Ensure encoding is Unicode UTF-8 when no locale is defined #7

pombredanne · 2017-09-19T16:11:17Z

this fixes an issue when no locale is defined on Linux
and the filesystem encoding is ASCII. By forcing the encoding used
for filesystem-realted encode/decode in this case we can use
proper surrogatescape encoding and marshall bytes to unicode and back
mostly the same way Python 3 does it.
see Normalize filesystemencoding codec name #4 for a detailed discussion and UnicodeDecodeError backtrace during scan aboutcode-org/scancode-toolkit#688 for some of the issues that motivated this patch

Signed-off-by: Philippe Ombredanne pombredanne@nexb.com

* this fixes an issue when no locale is defined on Linux and the filesystem encoding is ASCII. By forcing the encoding used for filesystem-realted encode/decode in this case we can use proper surrogatescape encoding and marshall bytes to unicode and back mostly the same way Python 3 does it. Signed-off-by: Philippe Ombredanne <pombredanne@nexb.com>

pombredanne · 2017-09-19T16:12:08Z

@sschuberth ping, FYI.

codecov · 2017-09-19T16:15:11Z

Codecov Report

Merging #7 into master will decrease coverage by 69.36%.
The diff coverage is 61.29%.

@@             Coverage Diff             @@
##           master       #7       +/-   ##
===========================================
- Coverage   95.83%   26.47%   -69.37%     
===========================================
  Files           5        5               
  Lines         168      680      +512     
  Branches       26      115       +89     
===========================================
+ Hits          161      180       +19     
- Misses          4      490      +486     
- Partials        3       10        +7

Impacted Files	Coverage Δ
src/backports/os.py	`13.58% <28.57%> (-80.01%)`	⬇️
tests/test_os.py	`75.67% <70.83%> (-10.04%)`	⬇️
tests/test_helpers.py	`95.83% <0%> (-4.17%)`	⬇️

Continue to review full report at Codecov.

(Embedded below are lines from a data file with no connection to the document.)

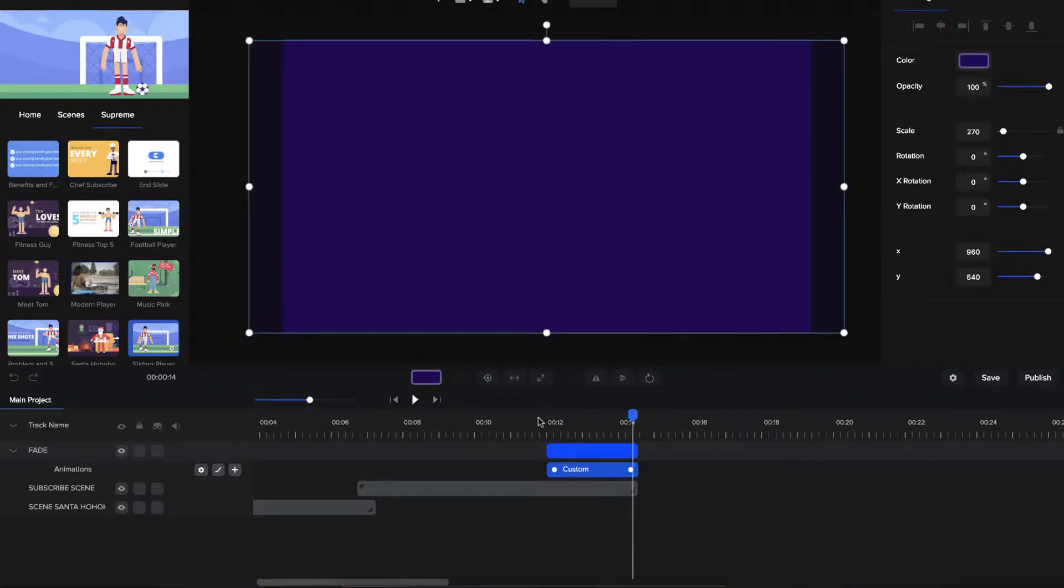So that's how you can really speed up your transitions at the end using a simple shape layer and a custom fade animation.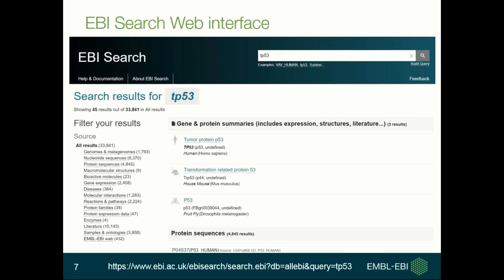This is a search result when you search for TP53. As you can see at the top, there's a big search box. If you type something, you will get suggestions based on term names, major database identifiers, or publication titles. Below that, on the left side, you can see a summary of results using biologically meaningful categories. Using those summaries, you can narrow down your search results into a specific category or further to a specific dataset.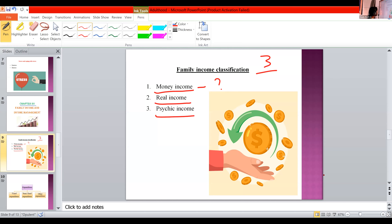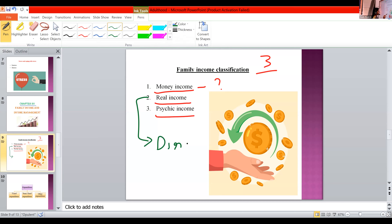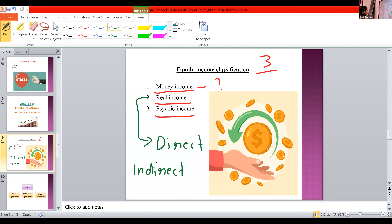Then real income — the second type. There are two types of real income: one is direct income, and the second is indirect income. Real income classification of family income is very, very important — it's a sure exam question. So real income is classified into direct income and indirect income.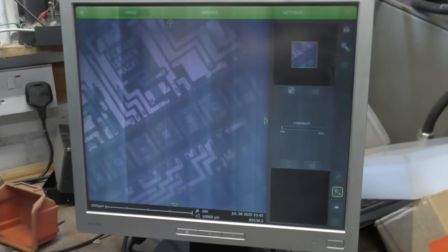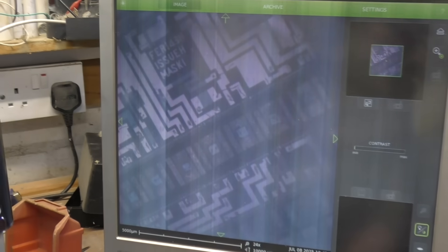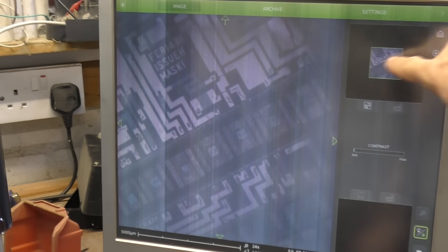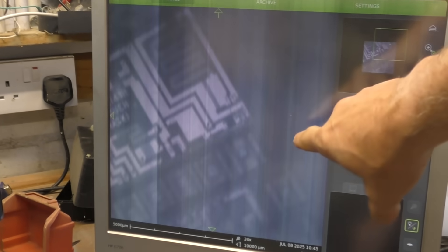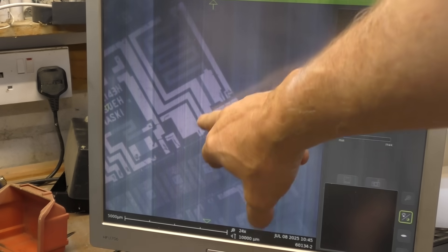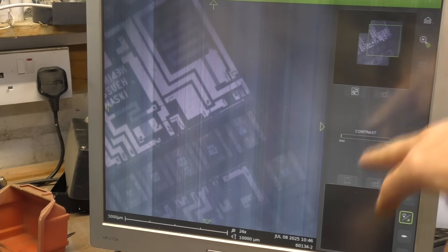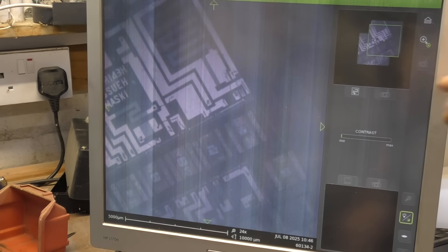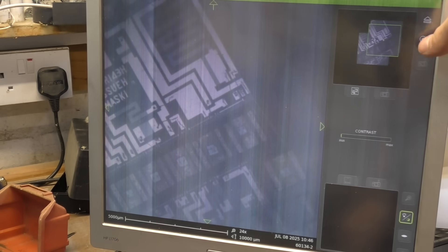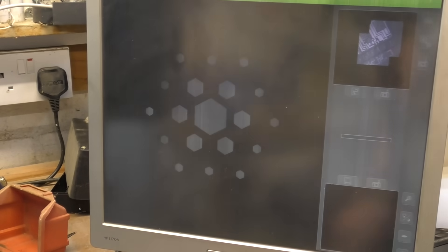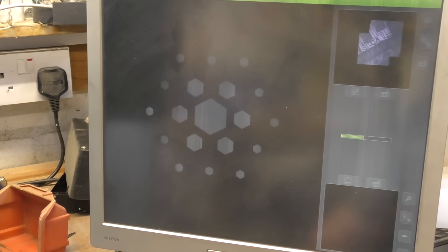Here's our preview image from the camera which we can navigate around on the touch screen to find the bit we want to look at. Now we can go into electron mode, which winds the sample back into the main column.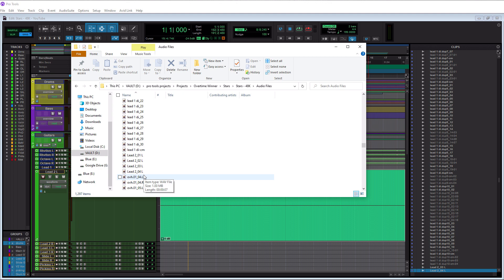I know in some other DAWs you have to actually go in there and export tracks and it's not all that big of a deal, but I just find this to be very intuitive and very quick. So I think that's a great feature of Pro Tools.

Legend - Click here to learn more
Δ = absolute <relative> (impact), ø = not affected, ? = missing data
Powered by Codecov. Last update 848c092...6024baa. Read the comment docs.

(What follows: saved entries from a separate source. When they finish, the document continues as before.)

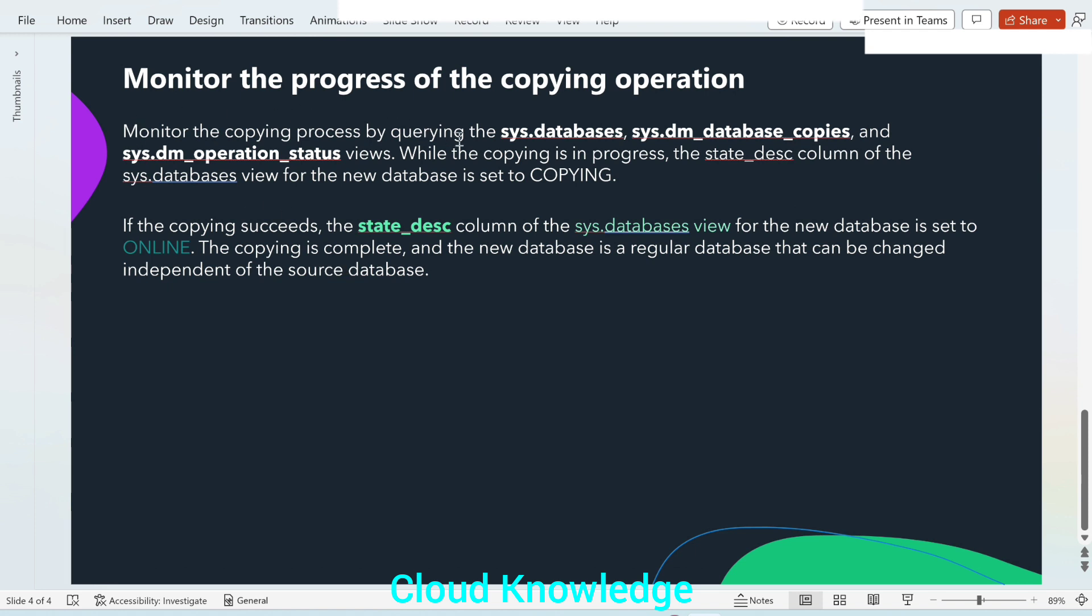Monitor the copying process by querying the sys.databases, sys.dm_database_copies and sys.dm_operation_status views. While the copying is in progress, the state_desc column of the sys.databases view for the new database is set to COPYING. If the copying succeeds, this column of the sys.databases view for the new database is set to ONLINE.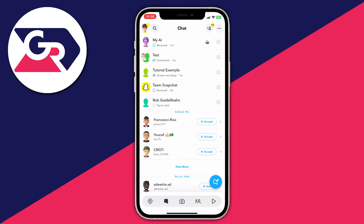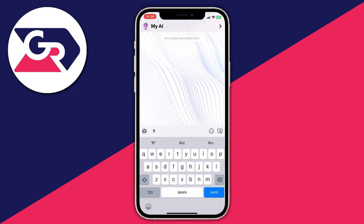Maybe if you've got an alt account or another account on Snapchat, you can go and switch to that to see if you've got the feature. But if you've already got it and you want to know how you can talk to it and fully use it, then what you want to do is tap on it.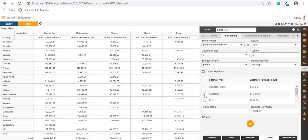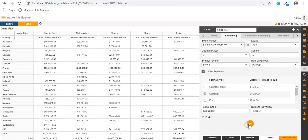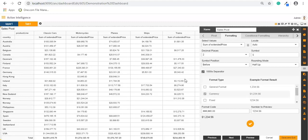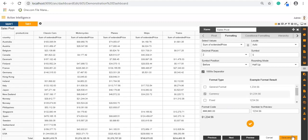Here you can select the format type and apply the changes. The changes have been applied and you can see that the result is displayed here.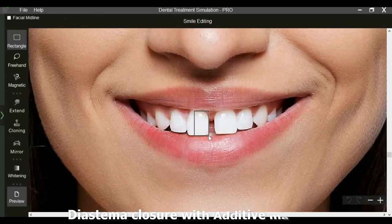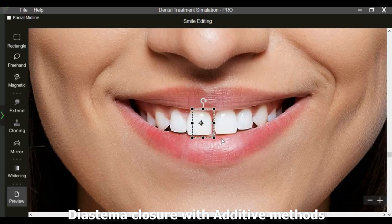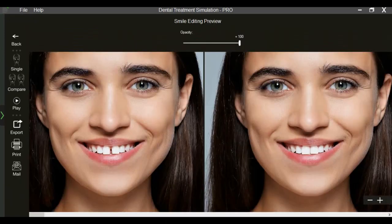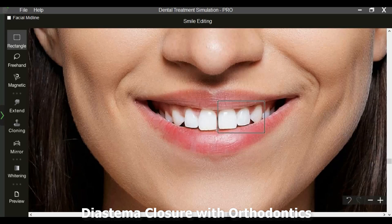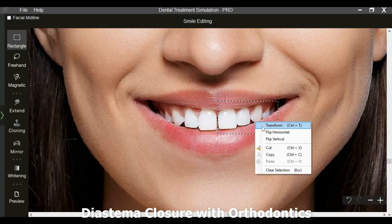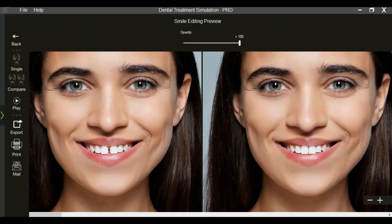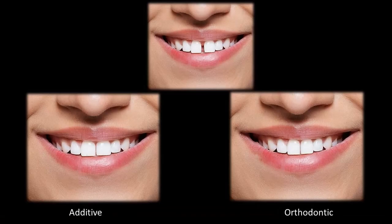One important application of DTS Pro is that it simplifies patient decision making. For example, diastema closure can be simulated with additive procedures such as composite bonding or veneers. The same diastema can be closed by selecting and moving teeth, simulating orthodontic treatment. Two different treatment options for the same patient makes it easier to visualize, leading to better decision making and greater case acceptance.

pombredanne · 2017-09-19T16:36:51Z

@pjdelport not sure why the code coverage is going down... since I added more tests. Probably a quirk in codecov and the fact that test without a locale/ascii fs encoding run in a subprocess.

* see PiDelport/backports.os#7 for details Signed-off-by: Philippe Ombredanne <pombredanne@nexb.com>

PiDelport · 2017-09-19T23:37:30Z

@pombredanne: Thank you for this update!

I investigated this further, and I think I found the root problem: it actually seems to be a bug (or at least an incompatibility) in how Python 2's ASCII codec calls the surrogateescape error handler.

This bug can be reproduced independently of locale:

On Python 2, surrogateescape encodes surrogates for low bytes to ASCII as expected; however, as soon as it encodes surrogates for high bytes, the ASCII codec seems to disregard the result of surrogateescape, and fail anyway:

$ python2.7 -c "import backports.os; print(repr(u'\udc7f'.encode('ascii', 'surrogateescape')))"
'\x7f'

$ python2.7 -c "import backports.os; print(repr(u'\udc80'.encode('ascii', 'surrogateescape')))"
UnicodeEncodeError: 'ascii' codec can't encode character u'\udc80' in position 0: ordinal not in range(128)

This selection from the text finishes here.